> _Assignment_:
Please repeat the records word for word and skip the pictures.

(Dataset entries)
* * *
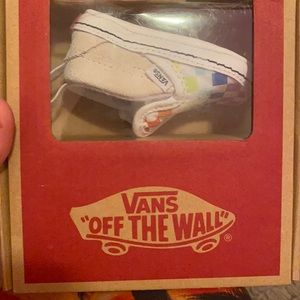 Brand new vans for baby never worn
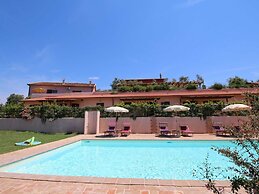 Farm With Pool in Montalto di Castro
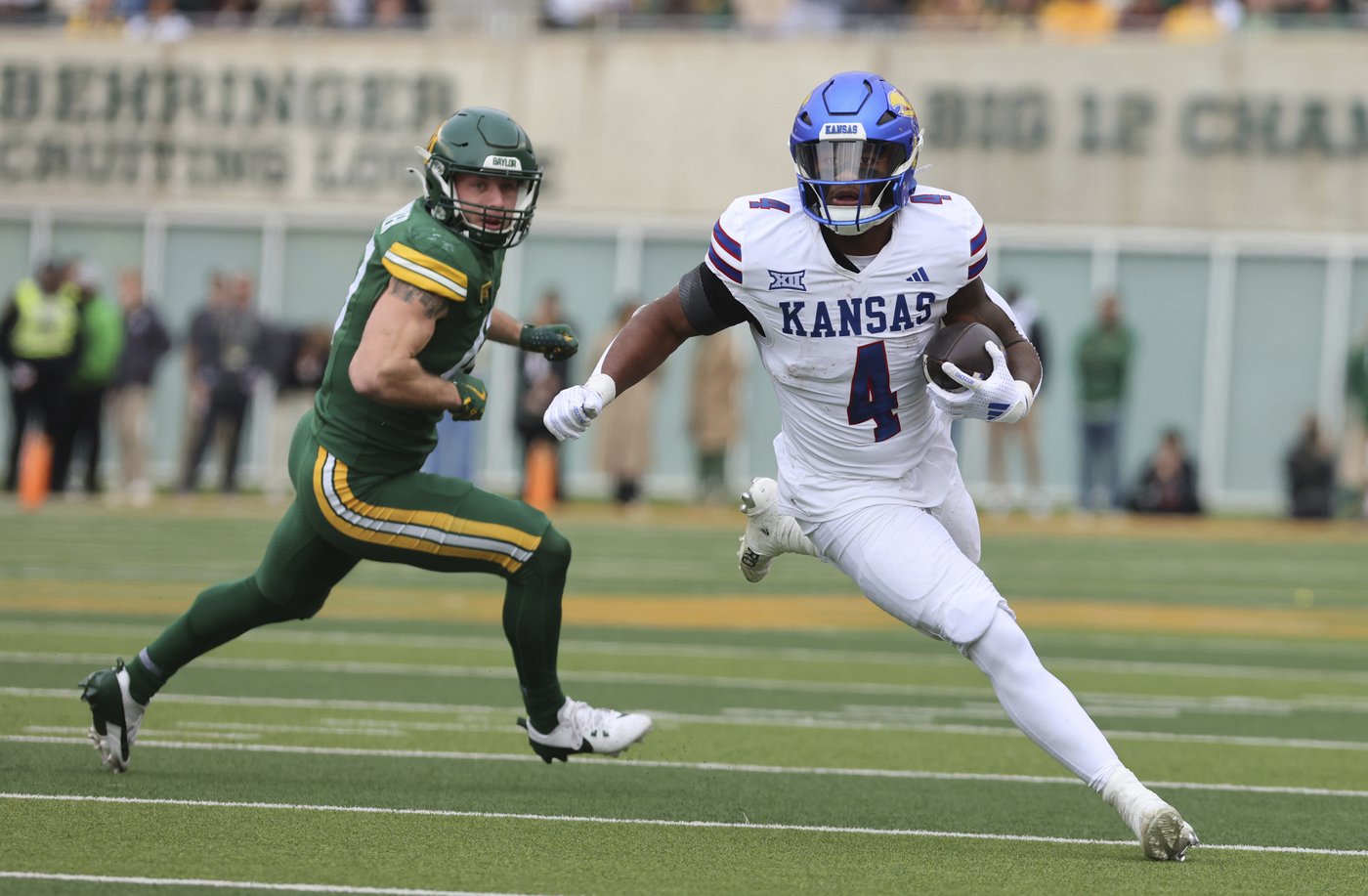 Baylor wins 6th straight as Sawyer Robertson throws 4 TDs in 45-17 win to end Kansas season | iNFOnews.ca Baylor wins 6th straight as Sawyer Robertson throws 4 TDs in 45-17 win to end Kansas season | iNFOnews.ca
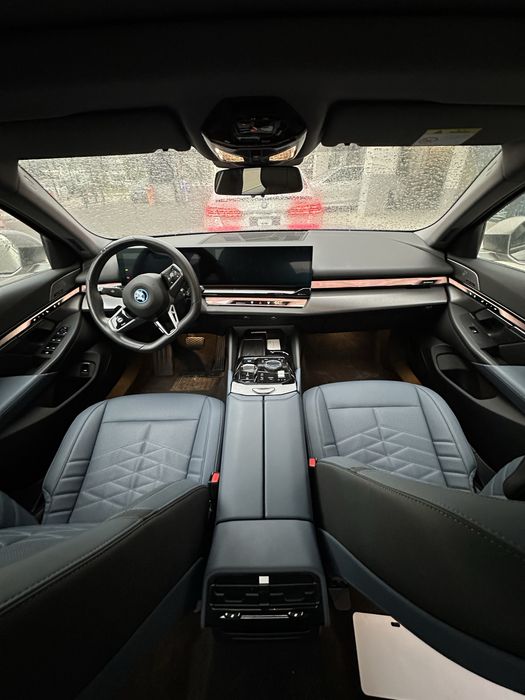BMW i5 35L eDrive 2024 с пробегом в раличии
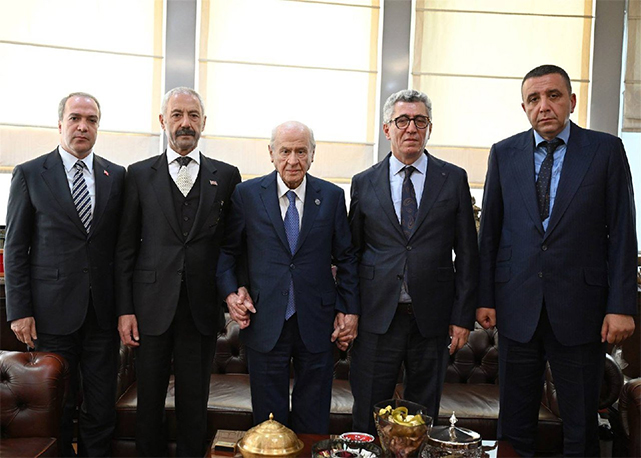 Sedat-Şahin-ve-Burhanettin-Saral'ın-barıştığı-anların-fotoğrafları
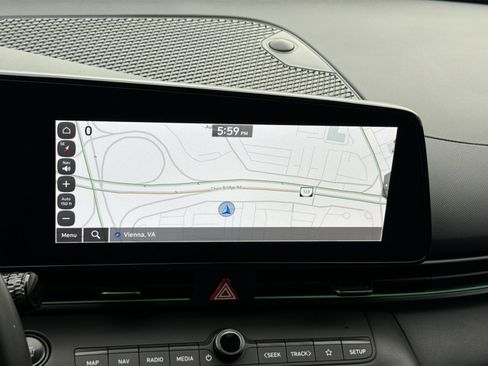 Used 2025 Hyundai Elantra SEL FWD image 20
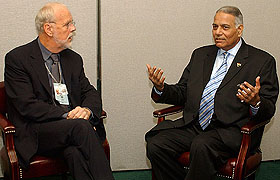 Indian Foreign Minister Yashwant Sinha talks with acting Swedish Foreign Minister Jan Karlsson 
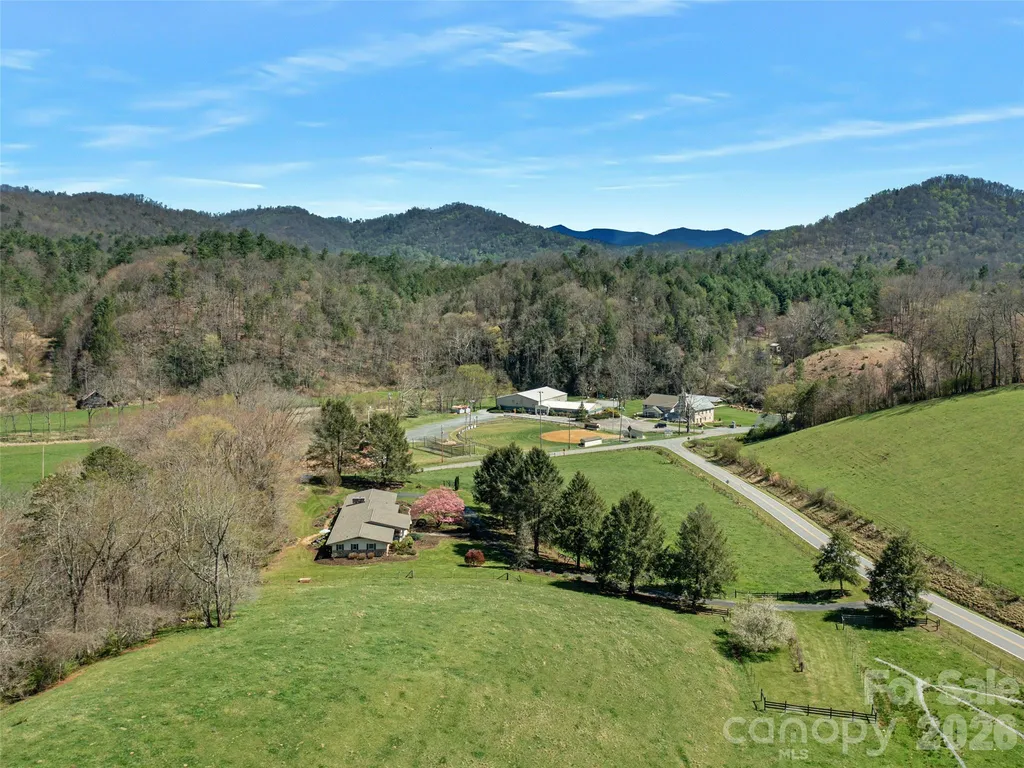1617 California Creek Road Mars Hill NC 28754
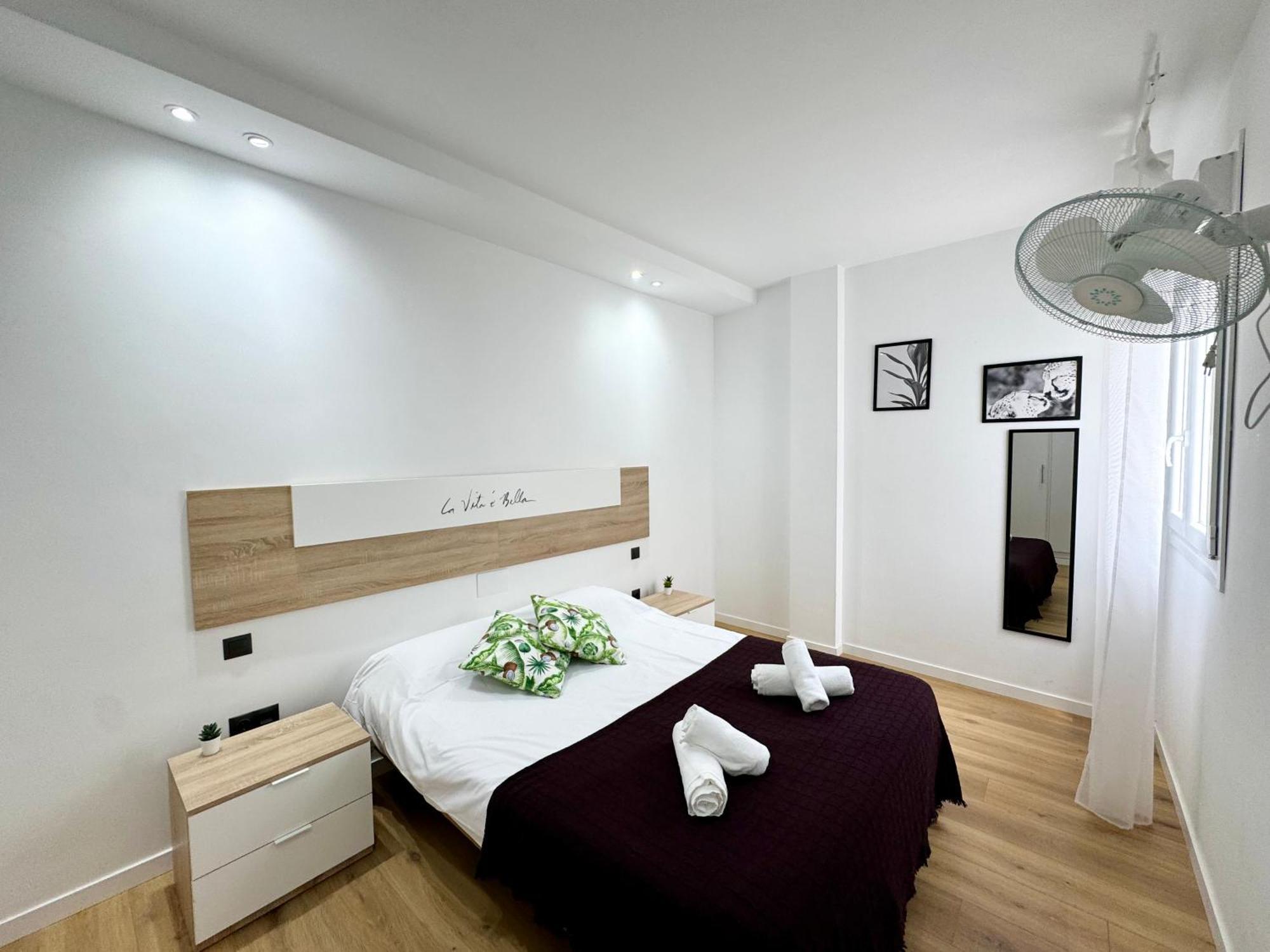 Apartamento Sweet Capuchinos Malaga Exterior photo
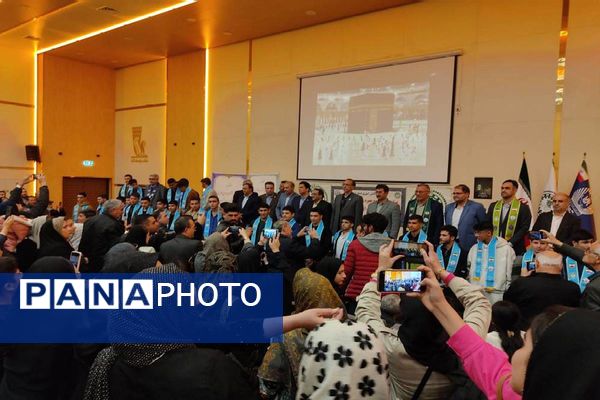 همایش بدرقه‌ دانش‌آموزان منتخب سازمان دانش‌آموزی به عمره‌ مفرده دانش‌آموزی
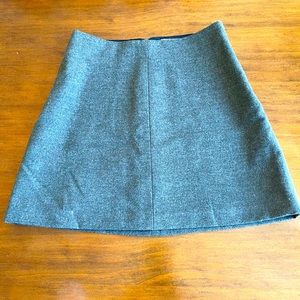 Aritzia mini skirt size 4 but runs like a size 2.
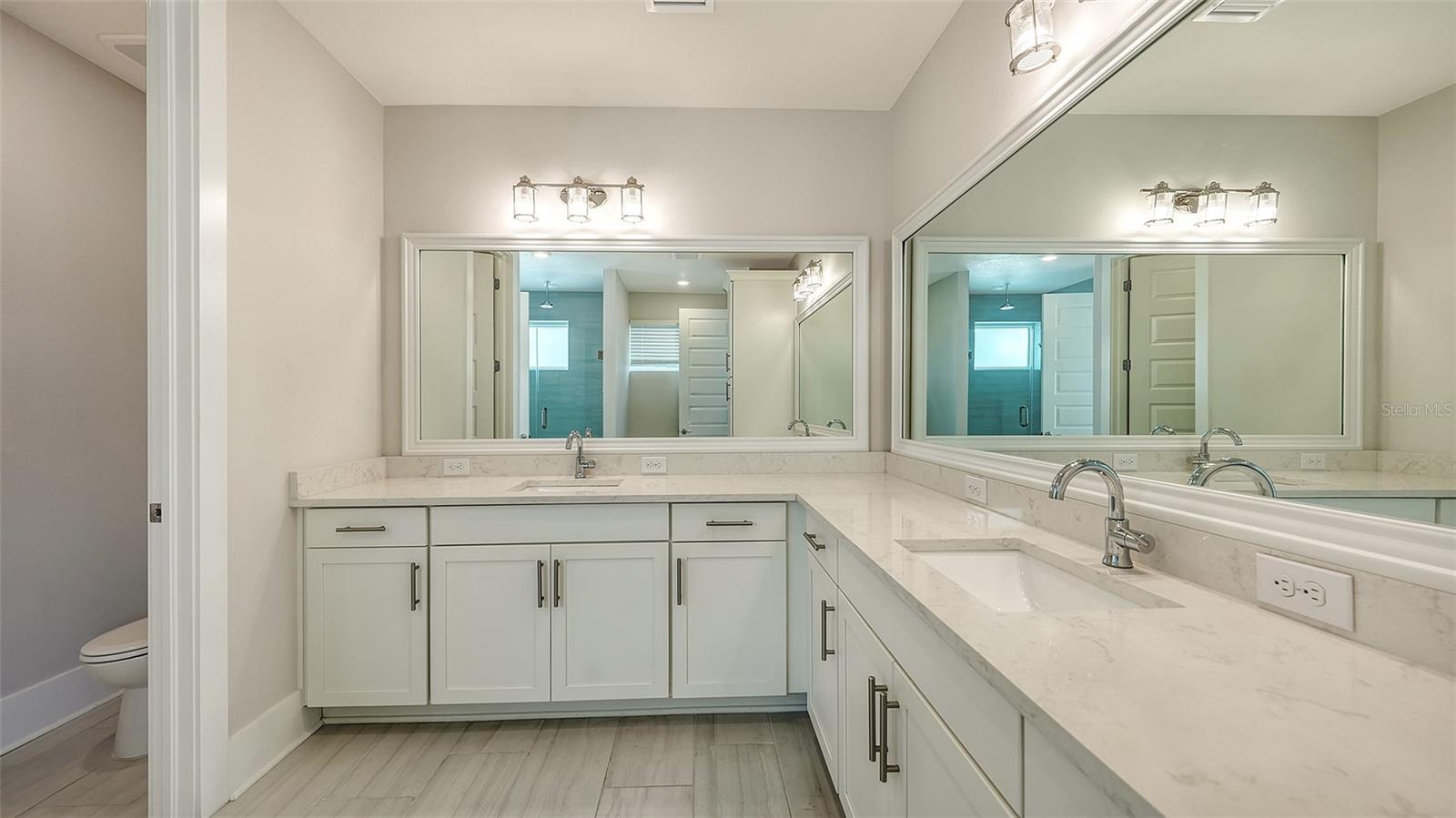 512 LAUREL PARK DR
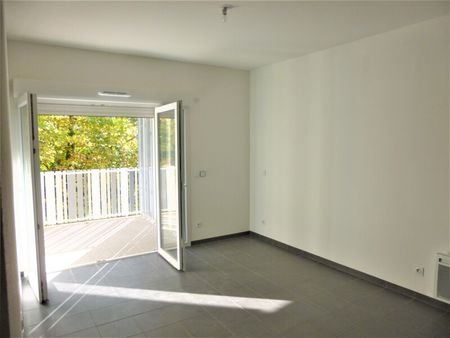 Location Appartement 3 pièces 58m² BAYONNE 64100 - Photo 5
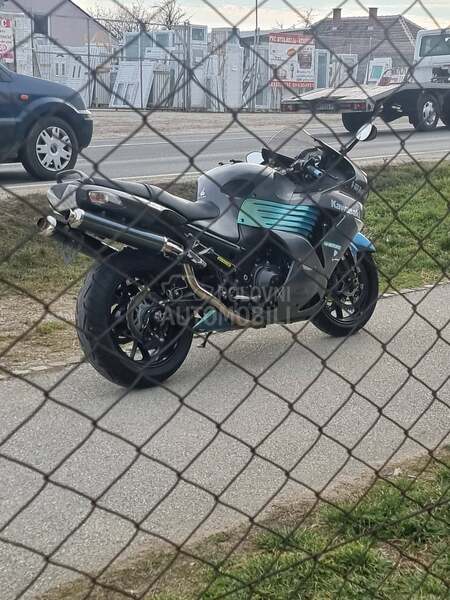 Kawasaki zzr 1400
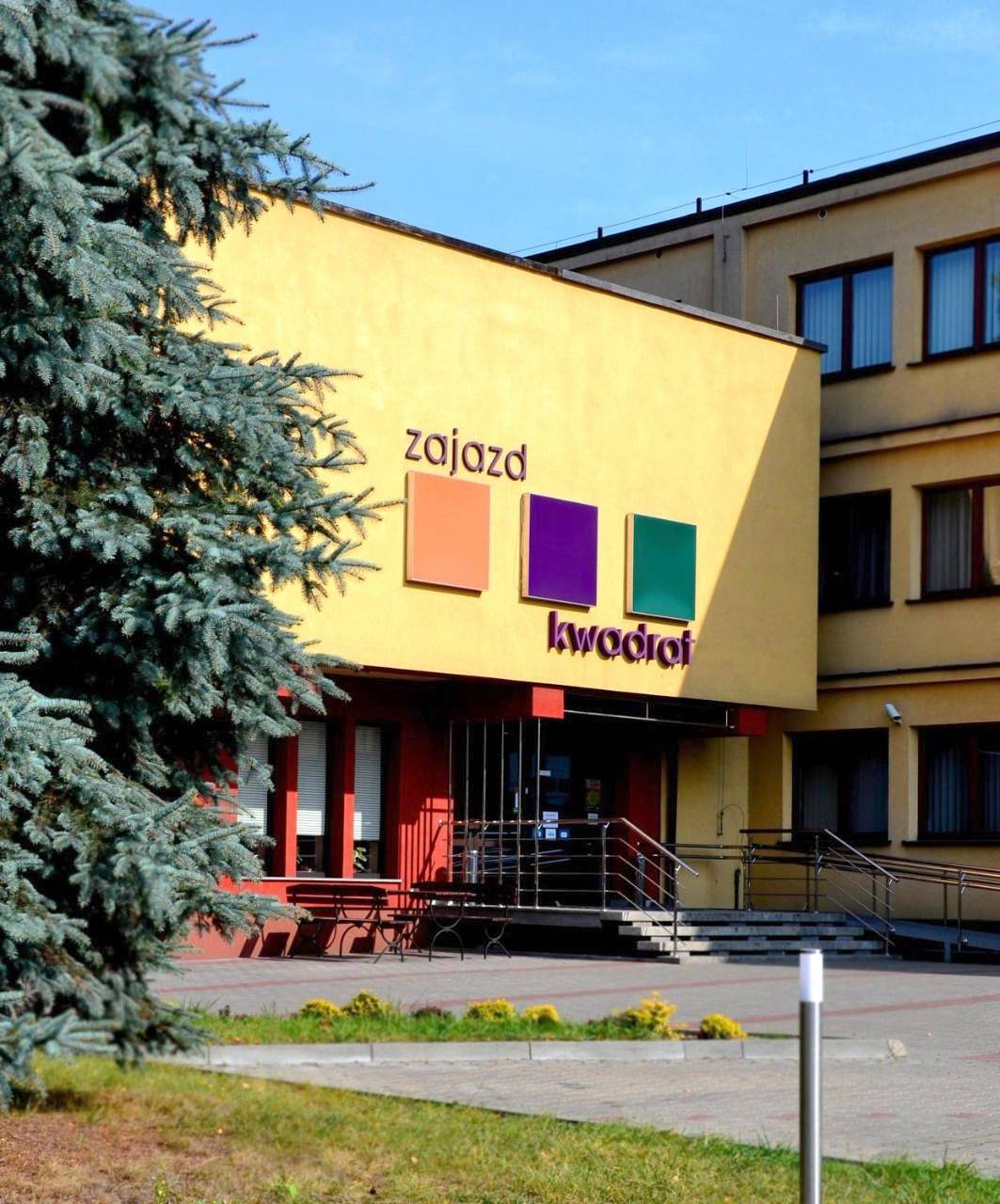 Zajazd Kwadrat in Dąbrowa Górnicza, Śląsk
* * *
> _Written answer_:
 Brand new vans for baby never worn
 Farm With Pool in Montalto di Castro
 Baylor wins 6th straight as Sawyer Robertson throws 4 TDs in 45-17 win to end Kansas season | iNFOnews.ca Baylor wins 6th straight as Sawyer Robertson throws 4 TDs in 45-17 win to end Kansas season | iNFOnews.ca
BMW i5 35L eDrive 2024 с пробегом в раличии
 Sedat-Şahin-ve-Burhanettin-Saral'ın-barıştığı-anların-fotoğrafları
 Used 2025 Hyundai Elantra SEL FWD image 20
 Indian Foreign Minister Yashwant Sinha talks with acting Swedish Foreign Minister Jan Karlsson 
1617 California Creek Road Mars Hill NC 28754
 Apartamento Sweet Capuchinos Malaga Exterior photo
 همایش بدرقه‌ دانش‌آموزان منتخب سازمان دانش‌آموزی به عمره‌ مفرده دانش‌آموزی
 Aritzia mini skirt size 4 but runs like a size 2.
 512 LAUREL PARK DR
 Location Appartement 3 pièces 58m² BAYONNE 64100 - Photo 5
 Kawasaki zzr 1400
 Zajazd Kwadrat in Dąbrowa Górnicza, Śląsk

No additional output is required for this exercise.